VisiTech spinning disc
This system is a lower resolution confocal microscope and
is better suited for for fast image acquisition (sample dependant)
and imaging living cells for extended periods of time. System
is computer controlled via MetaMorph software and is capable
of doing bright field (b/w), multi-colour fluorescence, z-series,
time lapse and multi-stage position imaging. The confocal
scan head is mounted on a Nikon E800 upright microscope and
has a Hamamatsu Orca ER cooled CCD detector. The system has three
excitation lasers: Violet laser diode(405nm), Argon
Ion (457, 488, 514nm), Argon Krypton laser 568 and 647nm)
and emission
filters [432-482nm, 465-505nm, 500-550nm, 520-550nm,
580-654nm, 662-738nm], which can be used to image a wide
range of UV and visible dyes (acquired 2003).
Zeiss 510 META
confocal
The newest confocal microscope at JIC (installed around Easter
2007), is the Zeiss LSM 510 META which is a high-end laser
scanning microscope from Carl Zeiss.
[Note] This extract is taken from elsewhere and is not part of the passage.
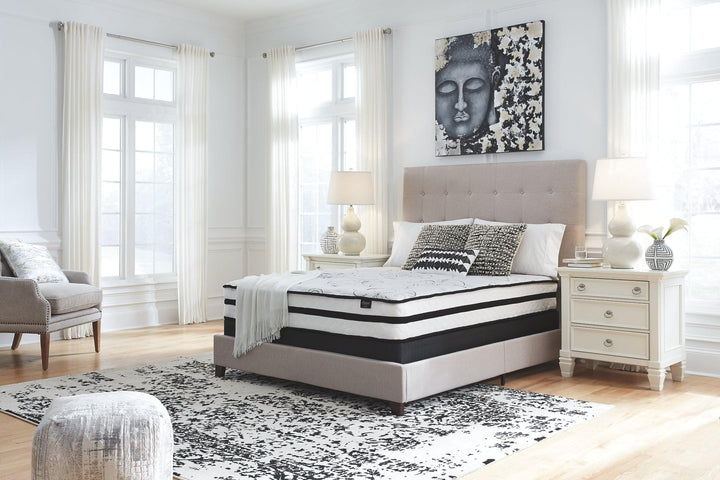 White Traditional Chime 10 Inch Hybrid 10 Inch Queen Mattress and Pillow M696M1 By ashley - sofafair.com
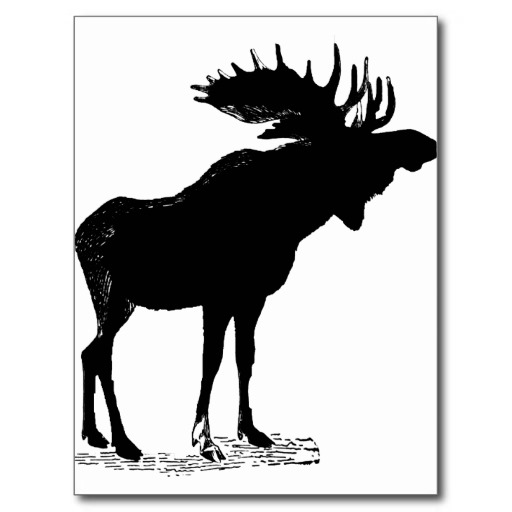 Moose Silhouette Clip Art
A completely new detection
technology overcomes the limits of existing detection methods.
The new system allows many more fluorescent markers to be
used simultaneously and their fluorescent emissions to be
assigned despite spectral overlaps. The LSM 510 META thus
specifically addresses the growing need of users in biomedical
research to discover the complex relations and interactions
between cellular structures and components and to trace them
in living cells or tissues. This milestone development is
based on a confocal detection technique combining innovative
detector technology with intelligent analytical methods.
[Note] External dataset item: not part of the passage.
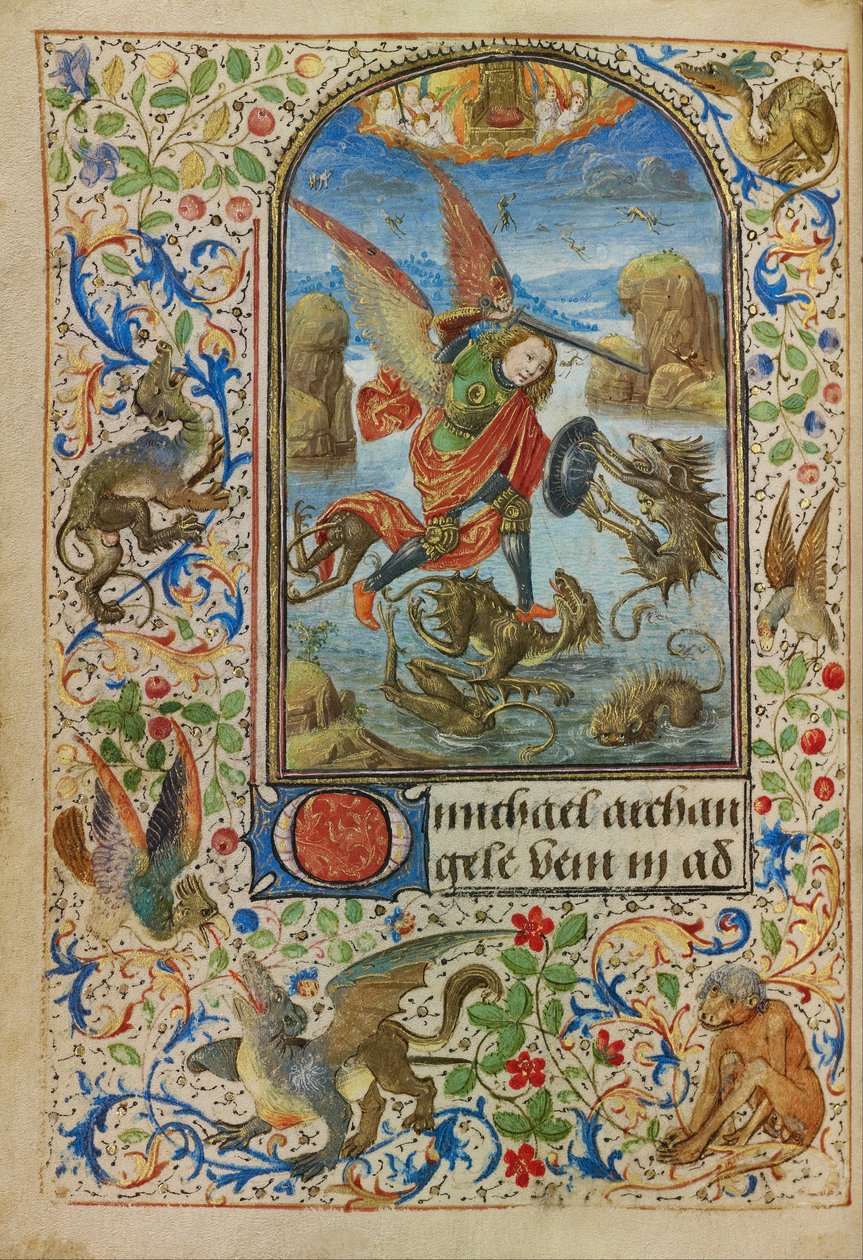 Szent Mihály alkotó: Lieven van Lathem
By splitting the fluorescent light and projection onto a
multi-channel detector, the LSM 510 META delivers the spectral
distribution of the fluorescence signals as a parameter of
every pixel in the object under investigation. In a second
step, this information can be used for the digital separation
of the fluorescence emissions in a multifluorescence experiment.
All functions needed for this are provided by the user-friendly
LSM 510 META software.
Transmission
Electron Microscopy
 The transmission electron microscope uses a beam of electrons,
controlled by electromagnetic lenses, to image very thin
samples – usually sections of around 100nm – which
the beam has to pass through. To provide contrast, the specimen
is usually stained with heavy metals such as lead and uranium.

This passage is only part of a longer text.